Your task »
Scan the records below for the line with "Toyota Aygo 1.0-12V" and the line with "Waterside Lodge Cc 피트 레티프 외부 사진", and retype that range exactly, both ends included, pictures excepted.
-- Material to process follows --
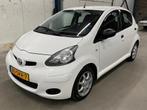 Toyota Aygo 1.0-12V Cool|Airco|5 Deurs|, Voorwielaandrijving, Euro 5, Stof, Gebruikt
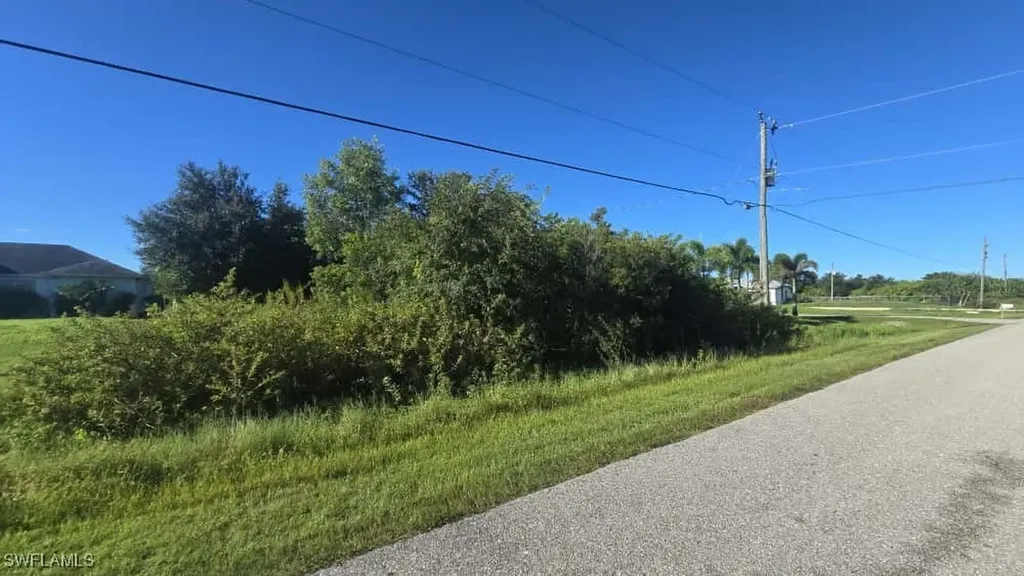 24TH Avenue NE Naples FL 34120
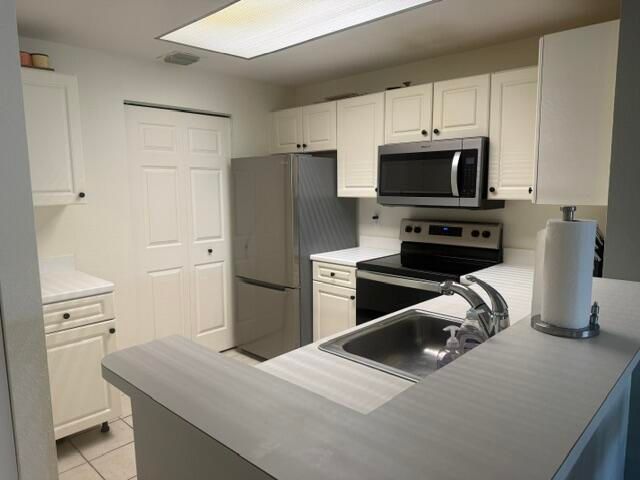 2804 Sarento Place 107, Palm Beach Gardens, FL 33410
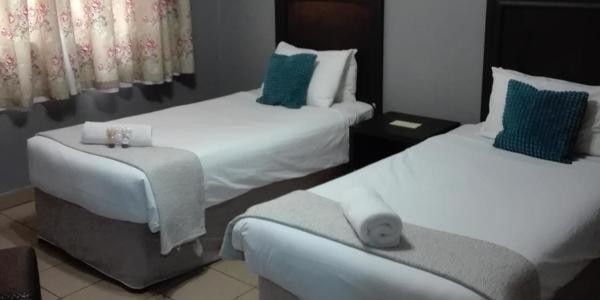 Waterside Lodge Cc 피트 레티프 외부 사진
-- Material to process concluded --
-- Material to process follows --
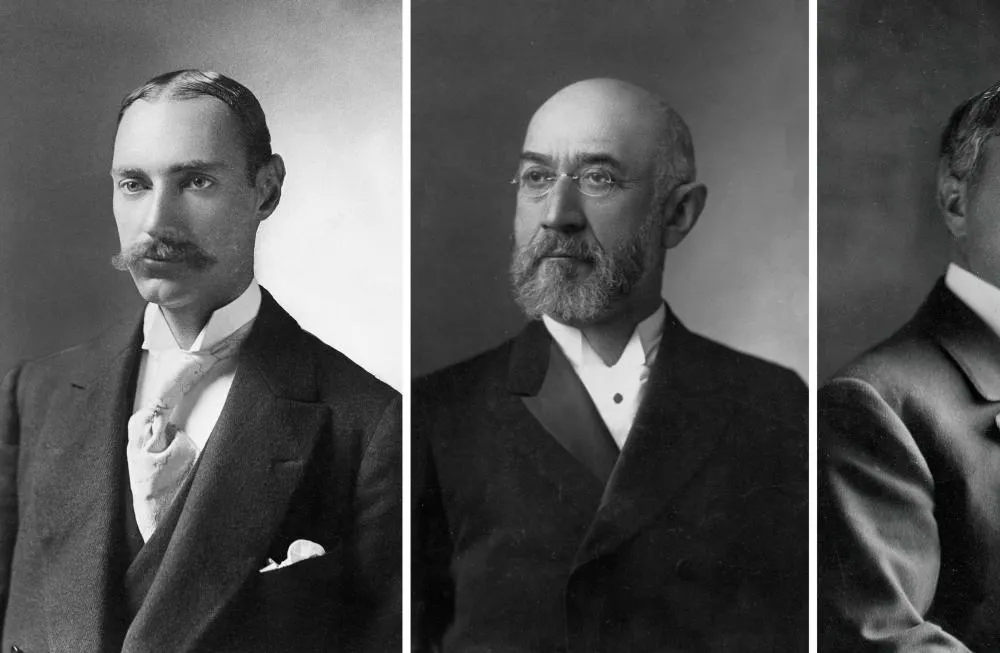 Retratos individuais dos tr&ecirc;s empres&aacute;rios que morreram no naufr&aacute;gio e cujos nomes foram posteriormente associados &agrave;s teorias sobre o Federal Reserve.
-- Material to process concluded --
Solution for this exercise »
 Toyota Aygo 1.0-12V Cool|Airco|5 Deurs|, Voorwielaandrijving, Euro 5, Stof, Gebruikt
 24TH Avenue NE Naples FL 34120
 2804 Sarento Place 107, Palm Beach Gardens, FL 33410
 Waterside Lodge Cc 피트 레티프 외부 사진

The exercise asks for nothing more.